Spammers must die, Wiki Spammers doubly so.

A little while ago I set up a Wiki to discuss the imminent loss of the Digitial Aeronautical Flight Information File (DAFIF). Yesterday, the spammers found it. For two days now, some asshole has registered a new account and make his “user page” a spammer link farm. Now I could continue going in and ripping these pages out, but that could get really boring.

I think what I need is to replace the simple Wiki software I’m using (TWiki) with something with a bit more features. Specifically, I’d like to make it so that you can’t start editing until you give the software your real email address, like the way my mailman mailing lists require you to get and respond to a confirmation mail.

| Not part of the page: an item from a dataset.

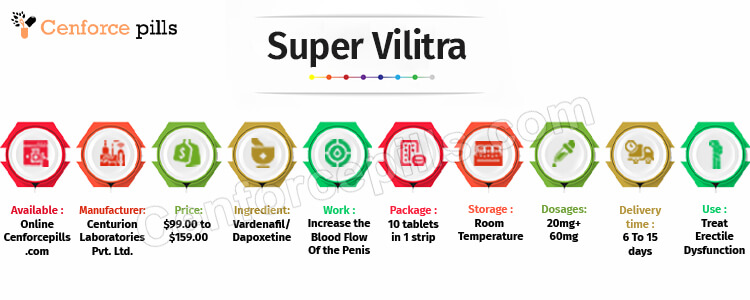 Super Vilitra infographic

Any suggestions? (And yes, I know I asked for suggestions before and then ignored them all in favour of one that was easier to install. I’ll go back and read your suggestions from that time as well.)

SQLite again

I wrote a few days ago about a problem I was having with SQLite, or rather with DBD::SQLite. Turns out that one should never assume that the version you installed on one machine is the same as the version you installed on the other. After making sure the machine I was testing on was up to DBD::SQLite version 1.11, that part of it worked fine.

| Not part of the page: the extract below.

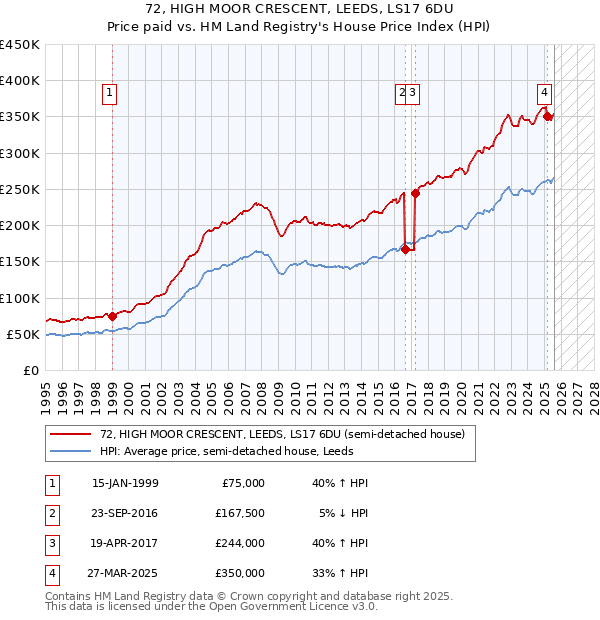72, HIGH MOOR CRESCENT, LEEDS, LS17 6DU: Price paid vs HM Land Registry's House Price Index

I’ve been doing some timing tests on the a generator task that generates 26915 waypoints, and doing one at a time it takes about 45-50 seconds and doing two at a time takes twice as long (about 1:30-1:40), as opposed to MySQL which takes 3:40 for one at a time, and 4:45 for two at a time. The fact that the SQLite one takes twice as long when there are two running makes me think it’s probably CPU-bound. The fact that it’s way, way faster than the MySQL alternative makes me think this is definitely worth pursuing.

But there’s a wrinkle. According to a post on the SQLite mailing list, one program can’t commit a write while another one is doing a query, even if the writes don’t involve the same tables. I guess SQLite’s database level locking is pretty stupid. But that’s the problem – there are three different types of things going on:

  • Database reloads – these only happen about once a month, only one at a time, and involve reloading FAA and DAFIF data into the waypoint, comm_freqs, runways and other similar tables. The reload scripts can take a hour or more to run.
  • Database generations – these run in the background, and just query those same tables that the reloads are loading. Lots of these run can run at once, and lots are run every day. As mentioned above, they only take a few minutes to run.
  • Choosing generating options in the web site. These tasks run after clicking one form page on the navaid.com generator and generating the response page. These mostly do some queries, but as well they track what options you’ve chosen so that they will be the defaults next time you come back. It does that by updating some tables which are not involved in the database generations.

Obviously a user doesn’t want to be sitting there waiting for their page to load for as long as it takes somebody else’s generation script to run. I’m going to have to try putting the tables that are used for storing these options in a different database to see if that will enable the pages to update in a reasonable time.